Tom Seaver once said, “There’s only two places in this league: first place and no place.” He must have learned that from Craig.
Craig McKenna
Room 311
BECKLEY SCHOOL
TARRYTOWN, NEW YORK
The Day That Changed Our Lives started out completely normal. We overslept, we missed breakfast, and the Tuck Shop was out of everything except onion chips and chocolate sprinkles. Which was a good excuse to cut French.
So we climbed into the gym through an open window, stripped down to our toes, dunked each other in the pool, and cut Ancient History.
Then we went to the library and read the first part of Catcher in the Rye out loud in whispers. That took almost an hour and we were running late—so we cut English, grabbed my guitar, and headed for the woods where nobody could hear us. This is where Capitol’s next A&R megastar gave his only public performance—underneath an oak tree—to his best friend and two squirrels. Travis didn’t know I’d been practicing for three days just so I could surprise him with “Subterranean Homesick Blues,” “Blowin’ in the Wind,” and “Sweet Blindness”—and at first I couldn’t tell if he liked it or not. It was only after I’d finished “Light My Fire” that he sort of yelped and wrestled me to the ground (translation: he liked it). But I pinned him first. (Grin.)
After lunch—Ring Dings and Pepsi—we had Biology staring us in the face, so we decided to let Mr. King and his bryophytes wilt without us. Instead, we changed into our jocks and socks and hit the batting cage. Travis has a good eye and a pretty decent swing, but his stance sucks. I spent two hours positioning him and he still couldn’t get it right. What the hell. One athlete in the family is plenty. (Double grin.)
Then we took a quick shower, and while we were sitting around in our towels we calculated that by this time we’d broken roughly 61 percent of Beckley’s half a million rules. So we figured it was time to go for the gold. That meant getting dressed up in our blazers and ties, sneaking off campus by the service road, and catching the 5:24 into Manhattan. (Smerko’s done this so many times by himself whenever he’s gone AWOL to see Liza Minnelli or somebody else in a play, the conductors all know him by heart.)
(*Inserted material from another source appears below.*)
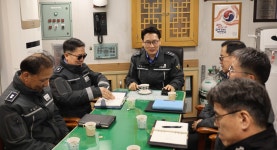 울진해경, 설 연휴 해양 안전관리 강화를 위한 함정·구조대 및 전용부두 점검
At 6:18 on the nose, we hit Grand Central. We were 131 minutes away from the biggest thing that would ever happen to either one of us, but we didn’t know that yet. So we played tag on West 43rd Street and we snuck into a dirty bookstore on Eighth Avenue and then we got ticketed for jumping a subway turnstile at Lincoln Center by a cop with lousy handwriting whose name was either Victor or Viloy. After that we started getting hungry for just about anything that didn’t have chocolate in it, so Travis picked Beefsteak Charlie’s because it was right across the street from the Winter Garden Theater (The Unsinkable Molly Brown in 1960, Funny Girl in 1964, and Mame in ’66 for anybody not in the know). We had to muscle our way through a couple hundred tourists
who all remembered at 7:55 that curtain time was 8:00, but we still managed to find ourselves a table in the corner where we could shut out the rest of the world. Who needed anybody else?
“I’ll tell you something, Viloy,” said Travis, halfway between the buffalo wings and the prime rib. “Carlton Fisk is overrated. I mean, if you put him up against Johnny Bench, he wouldn’t know what hit him.” Already my blood was heating up in 10-degree installments, and even though I wasn’t sure if anybody’d ever gotten slugged in Beefsteak Charlie’s before, Travis was bucking to be the first in line. Of course it was my own fault for giving him the Baseball Encyclopedia—but who expected him to memorize it? Then I noticed he was wearing his Heathcliff-and-Catherine face, where he’s trying to look serious but the corners of his mouth won’t stay all the way down.
“Are you saying this just to yank my chain or because you mean it?” I demanded. “And think carefully before you answer, because the ass you save may be your own.” Travis hesitated, then tossed in the towel and grinned.
“You’re so easy,” he said. Then all of a sudden, the fork with the baked potato on it stopped halfway to his teeth and his skin turned snow white.
“Oh my God,” he breathed, pointing over my shoulder across the emptied-out restaurant. “Viloy, look!” Not knowing whether he was putting me on again but falling for it anyway, I turned around and looked.